RSR: It's very easy to just give up on this stuff. because it is so difficult. It is difficult to track these distribution goals down, difficult to negotiate them, it's difficult to carry on being motivated to talk to them when you hit brick wall after brick wall. And so when you do finally get through, we want to make a statement, say that these films are worth the same love and attention you would like a cult film from the US or a classic film from Japan or some great Antonioni film from Italy. They are the equivalent. And it's only by doing it in this way that I think we can get that message across. Then hopefully the label has legs and then we can then put out a range of films. But that's the sort of statement we're trying to make with this first release and hopefully the next few as well.
RES: This is why your label is so essential! Before we go - can you both recommend an Indian film that not enough people know about? Can be anything…
RSR: Well, only because I was listening to the soundtrack this morning. There's this great South Indian film called Punnagai Mannan (1986), it's a Kamal Haasan film from the mid-’80s. And it's got this great electronic synthesizer soundtrack by Ilaiyaraaja. It was dubbed into various other Indian languages as well. So it's also known as Dance Master and Chacha Charlie, Chacha meaning uncle. Haasan plays a double role. The main role is as a disco dancing teacher, and also plays his own uncle, who due to some heartbreak in his past, takes to dressing and acting like Charlie Chaplin. It's fun, but it's very dark. So yeah, check that out, I think it’s on YouTube.

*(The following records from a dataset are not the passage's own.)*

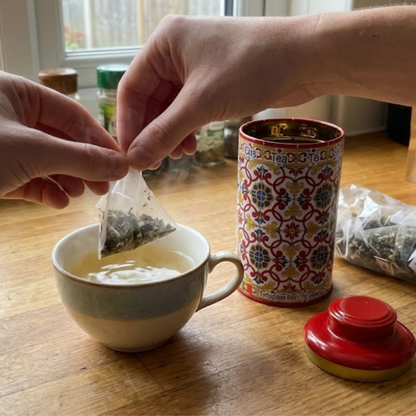 Té de hierbas con sabor portugués – Relajante y en lata roja con relieve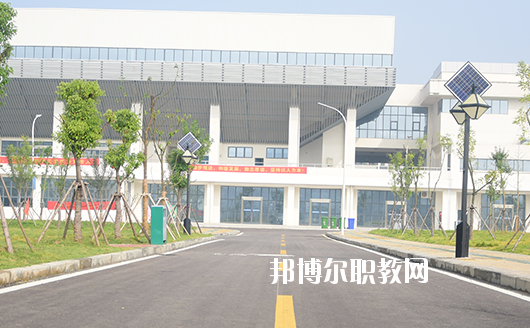 安徽蚌埠技師學(xué)院2020年報(bào)名條件、招生要求、招生對(duì)象
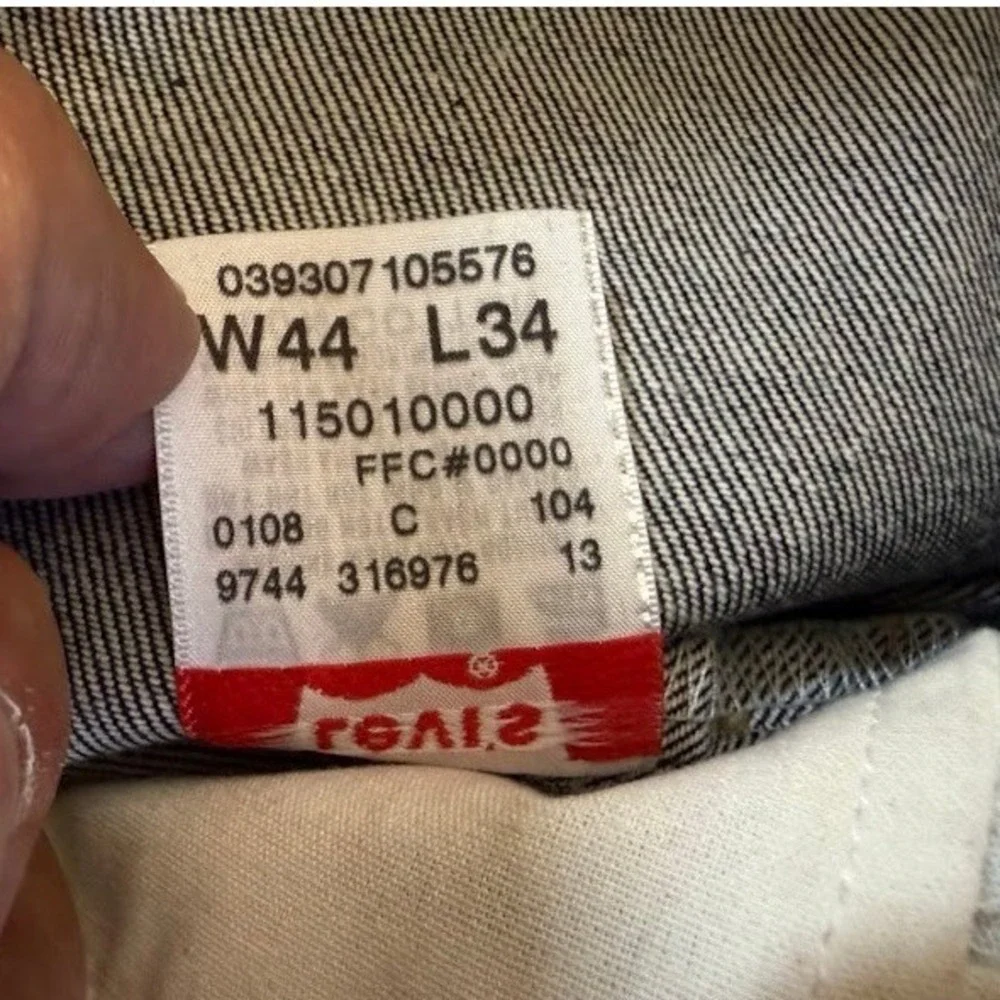 Levis worn 44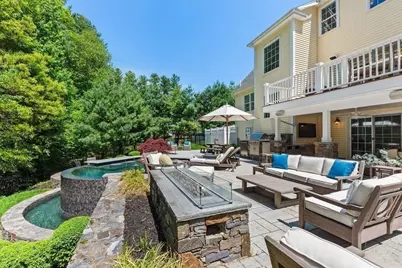 39 Opal Cir, Franklin, MA 02038 - Photo 8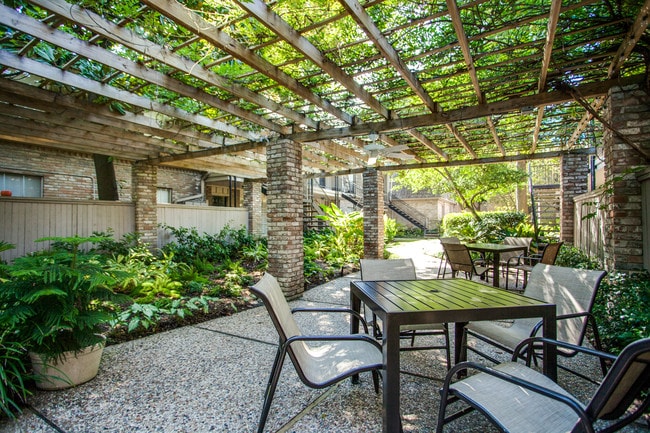 Relaxing courtyards - The Bordeaux
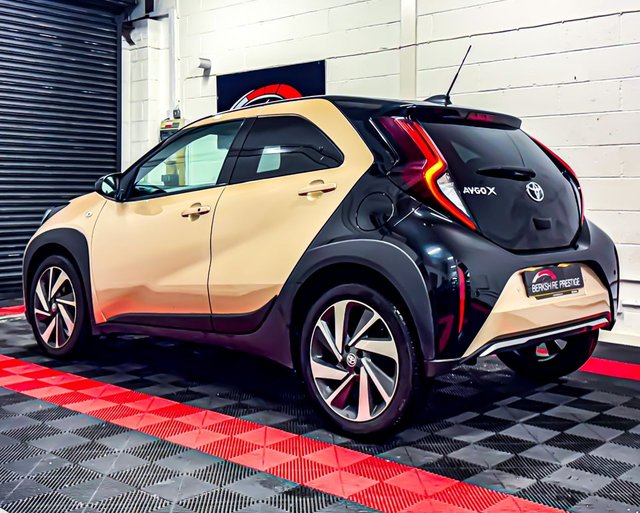 2023 TOYOTA AYGO X - Photo 10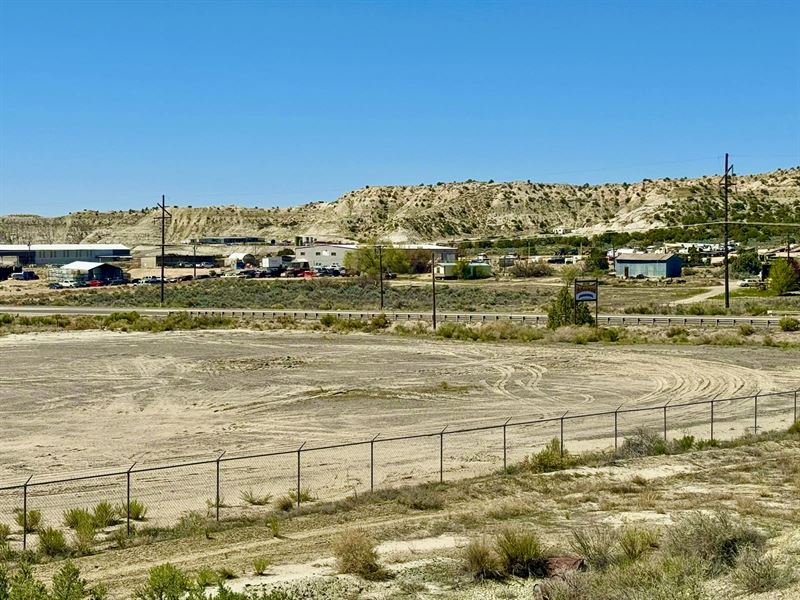 Aztec-Bloomfield Commercial Storage : Bloomfield : San Juan County : New Mexico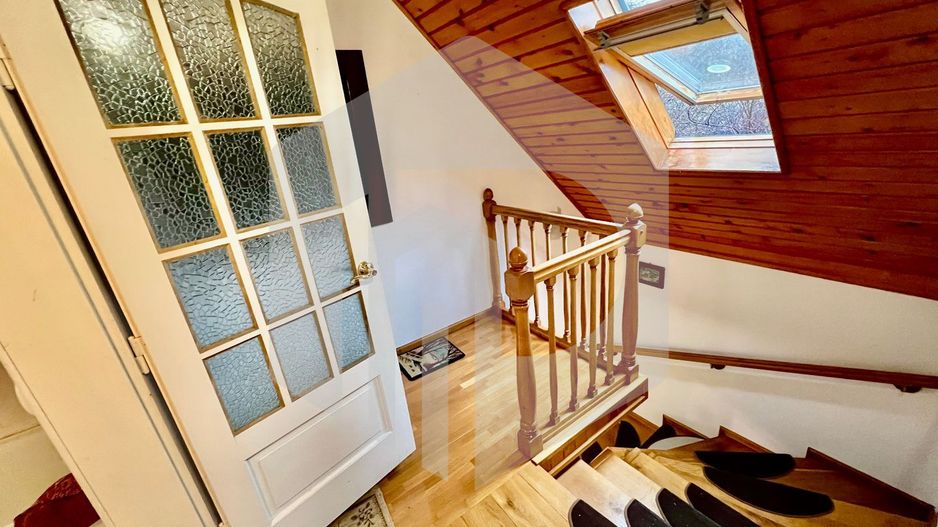 Casa de vanzare  in Talmacel-Teren 4000 mp cu livada+garaj - Poză 5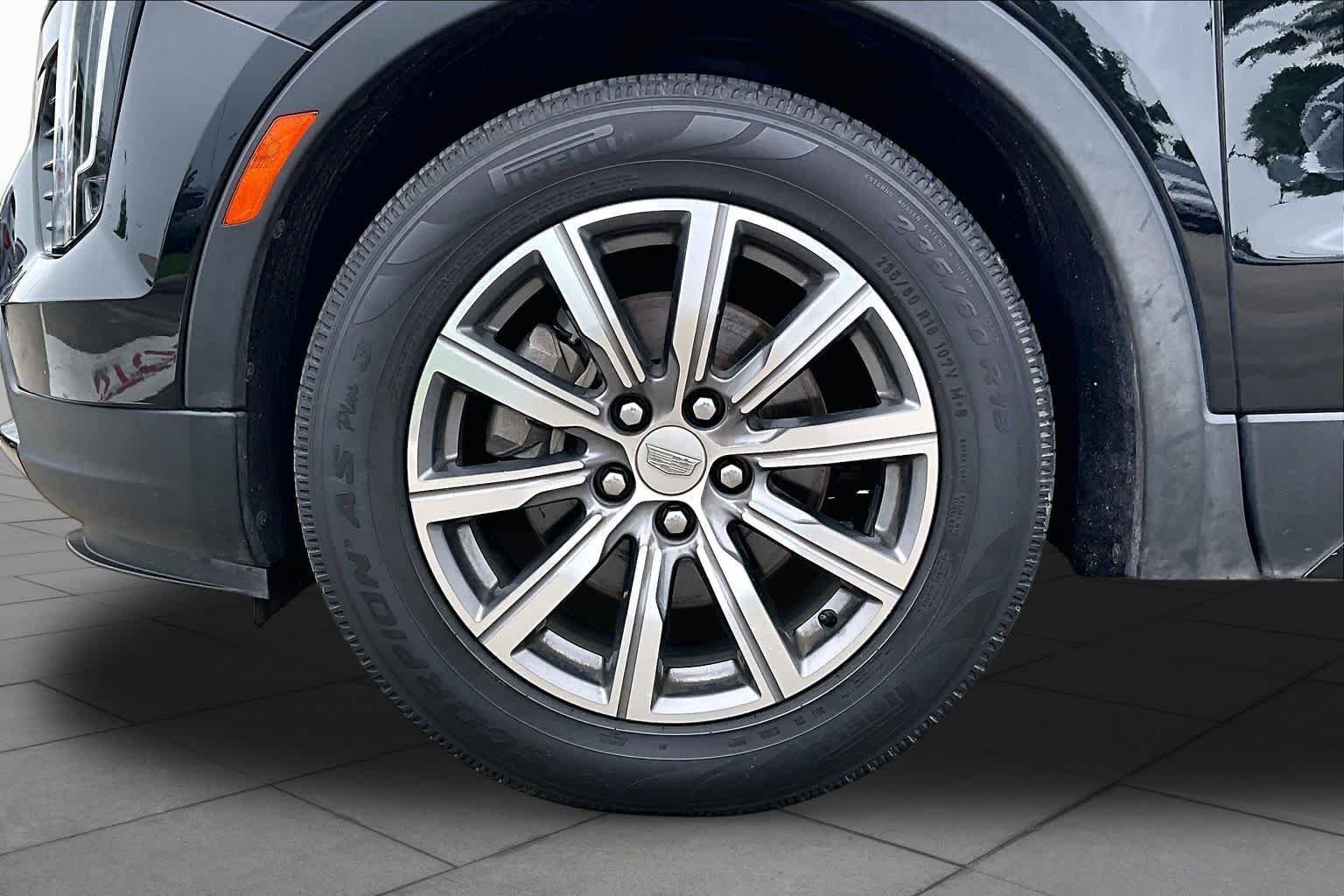 Used 2019 Stellar Black Metallic Cadillac FWD Sport image 10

RES: I need to dive deeper on Kamal Haasan! I love Pushpaka Vimana (1987), his dialogue-free tragicomedy, and his Mrs. Doubtfire remake Chachi 420 (1997). I also really liked Thug Life (2025), even though nobody else did…
RSR: I haven’t seen that, or even some of his classic ‘90s stuff. I remember why I watched that one, it was because I did a double bill of Modern Times (1936) and Shree 420 (1955), where Raj Kapoor does a sort of Chaplin-esque type of character. And I showed a clip from Punnagai Mannan, which I think means King of Smiles. And I showed a clip of that because of the Charlie Chaplin connection. So that's why I watched it.
RES: It sounds amazing. Omar, does anything come to mind for you?
OA: You’re putting me on the spot now! one that I always keep going back to is Bimal Roy’s Do Bigha Zamin (1953). It's one of the films that's often cited as being an example of Indian neorealism, but it's a brilliant film in terms of the way which it critiques capitalism along with everything else. It's got one of the most pessimistic, downbeat endings I've ever seen for a mainstream Hindi Indian film. Whenever I watched it, I thought, how did he even get away with ending on this note? It's about the trials and tribulations of a farmer who's in debt, forced to go to the city and works pulling a rickshaw through the city, and his son accompanies him and sees his father self-destruct. It's very similar in terms of the narrative to Bicycle Thieves, to De Sica’s film, which influenced Bimal Roy’s approach in the story as well. So I think that is really important. a really foundational film in terms of Indian cinema. But can you get it? No. It's on a poor DVD somewhere. I do know that it’s been restored.
RSR: It makes my pick pale in comparison!
OA: Not at all!
RSR: He picks a foundational film of Indian cinema and I pick Chacha Charlie from the ‘80s [laughs]!
RES: This is what makes you two a good team, you span the full range of cinematic experience!